# Star Wars: Episode 9 - Mögliche erste Story-Details geleakt



## Darkmoon76 (16. Mai 2018)

Jetzt ist Deine Meinung zu *Star Wars: Episode 9 - Mögliche erste Story-Details geleakt* gefragt.


						Bitte beachtet: Der Kommentarbereich wird gemäß der Forenregeln moderiert.





			Dieser Inhalt steht nur eingeloggten Mitgliedern zur Verfügung.
        

 Zum Artikel: *Star Wars: Episode 9 - Mögliche erste Story-Details geleakt*


----------



## Maiernator (16. Mai 2018)

Sollte das der Fall sein, kann Disney das Franchise direkt begraben.


----------



## LOX-TT (16. Mai 2018)

ist natürlich Mumpitz und spätestens bei dem Satz mit Leia sollte das jedem klar sein. Denn Leia wird gar nicht vorkommen, da Carrie Fisher ja verstorben ist und ein Recast wie auch ein künstlich erzeugter Auftritt ala Tarkin in R1 schon lange vom Tisch sind bei Lucasfilm.


----------



## Siriuz (17. Mai 2018)

LOX-TT schrieb:


> ist natürlich Mumpitz und spätestens bei dem Satz mit Leia sollte das jedem klar sein. Denn Leia wird gar nicht vorkommen, da Carrie Fisher ja verstorben ist und ein Recast wie auch ein künstlich erzeugter Auftritt ala Tarkin in R1 schon lange vom Tisch sind bei Lucasfilm.



Bei dem Leak handelt es sich um ein sehr frühes Drehbuch. Da wird sicherlich einiges umgeschrieben. Der User hatte beim letzten Film schon bei vielen Sachen recht.





> Sollte das der Fall sein, kann Disney das Franchise direkt begraben.



Das sehe ich auch so. Episode 8 war schon der erste Star Wars Film, den ich nicht mehr im Kino sah. Wird sich auch nicht ändern. Kenne den Leak schon ein wenig länger und irgendwie passt es ja zu Disney.  Wunderkind aus den unbekannten Regionen (eine Frau natürlich), das vom bösen Patriarch (Erste Ordnung) ausgebeutet wird. Versteht mich nicht falsch, Ahsoka ist mein absoluter Lieblingscharakter, aber ja.
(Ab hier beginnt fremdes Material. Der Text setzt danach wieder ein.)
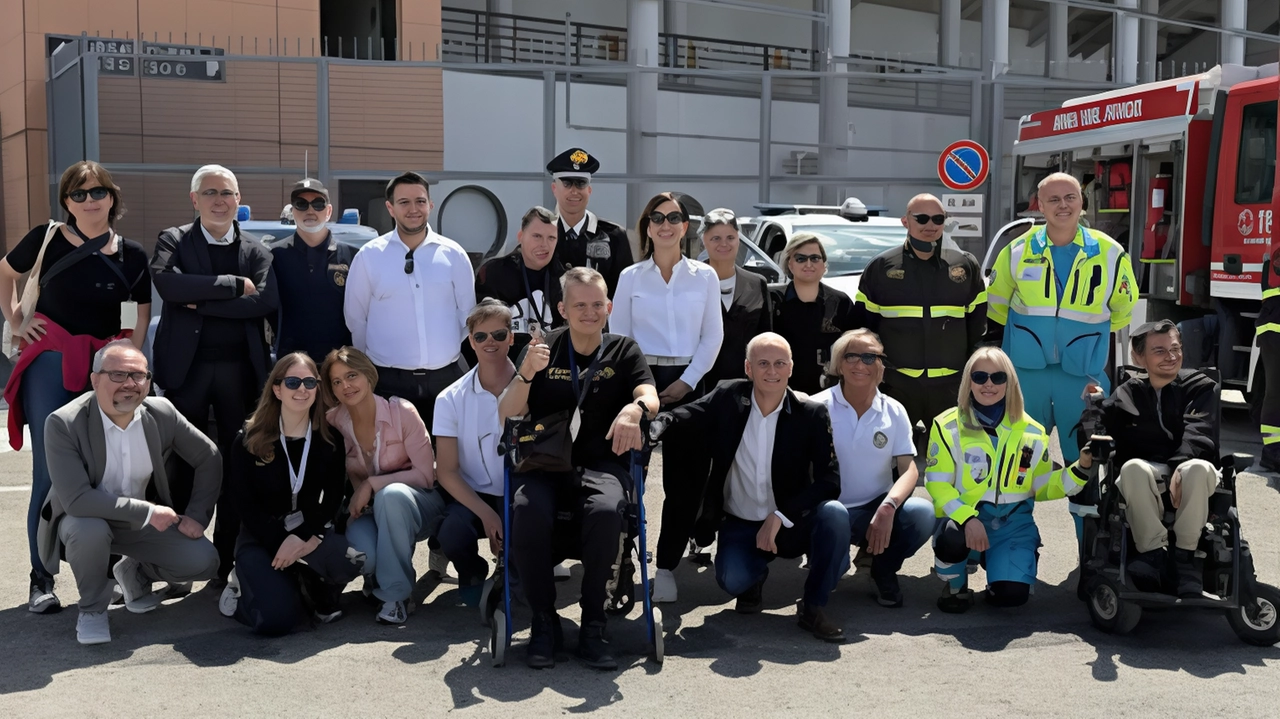 AREZZO Una giornata di pura emozione, all’insegna dell’adrenalina e dell’inclusione. È quella vissuta domenica mattina ad Arezzo grazie a "Un giorno... AREZZO Una giornata di pura emozione, all’insegna dell’adrenalina e dell’inclusione. È quella vissuta domenica mattina ad Arezzo grazie a "Un giorno...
Wird schon langsam sehr auffällig.


----------



## moloch519 (17. Mai 2018)

Es gab seeehr viele angebliche frühe Leaks zu "Die letzten Jedi" mit abstrusen Story Ideen und ich erinnere mich an keinen, welcher tatsächlich gestimmt hat.  

Ich wäre allerdings auf die Erklärung gespannt, wie Rey von Kylo schwanger geworden seien kann (vielleicht funktioniert das mit der Reproduktion ja auch über Machtprojektion, das fänd ich schon witzig).


----------



## OriginalOrigin (17. Mai 2018)

Also das ganze klingt so abgedroschen das es nicht stimmen kann, es sei den sie haben bei Star Wars nun komplett den Vogel abgeschossen.  Das einzige was mir gefällt ist die Sache das die First Order regiert und die Leute tatsächlich damit zufrieden sind.  Aber der Rest? Wir sind hier ja immerhin noch bei Star Wars und nicht Sharknado oder ähnlichen.


----------